お客様は、こちら からお問い合わせいただくことで、オンボーディングプロセスを開始できます。専用の AWS アカウントと、利用予定のリージョンをあらかじめご用意いただく必要があります。現時点では、ClickHouse Cloud がサポートしているリージョンでのみ BYOC サービスを起動できます。

AWS アカウントの準備

ClickHouse BYOC デプロイメントをホストするために、より高い分離を確保する目的で、専用の AWS アカウントを用意することを推奨します。ただし、共有アカウントや既存の VPC を使用することも可能です。詳細は、後述の Setup BYOC Infrastructure を参照してください。

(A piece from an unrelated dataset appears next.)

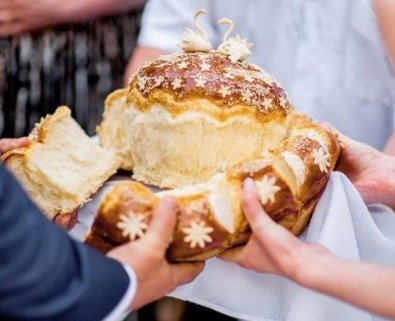 Почему на Руси гостей встречали хлебом-солью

このアカウントと組織の初期管理者のメールアドレスを用意したら、ClickHouse サポートまでお問い合わせください。

BYOC セットアップの初期化

初期の BYOC セットアップは、CloudFormation テンプレートまたは Terraform モジュールのいずれかを使用して実行できます。どちらの方法でも同じ IAM ロールが作成され、ClickHouse Cloud からの BYOC コントローラーがインフラストラクチャを管理できるようになります。なお、ClickHouse の実行に必要な S3、VPC、およびコンピューティングリソースは、この初期セットアップには含まれません。

CloudFormation テンプレート

BYOC CloudFormation テンプレート

Terraform モジュール

BYOC Terraform モジュール

module "clickhouse_onboarding" {
  source   = "https://s3.us-east-2.amazonaws.com/clickhouse-public-resources.clickhouse.cloud/tf/byoc.tar.gz"
  byoc_env = "production"
}

BYOC インフラストラクチャのセットアップ

CloudFormation スタックを作成すると、クラウドコンソールから S3、VPC、EKS クラスターを含むインフラストラクチャのセットアップを求められます。この段階で決定しなければならない設定がいくつかあり、後から変更することはできません。具体的には次のとおりです。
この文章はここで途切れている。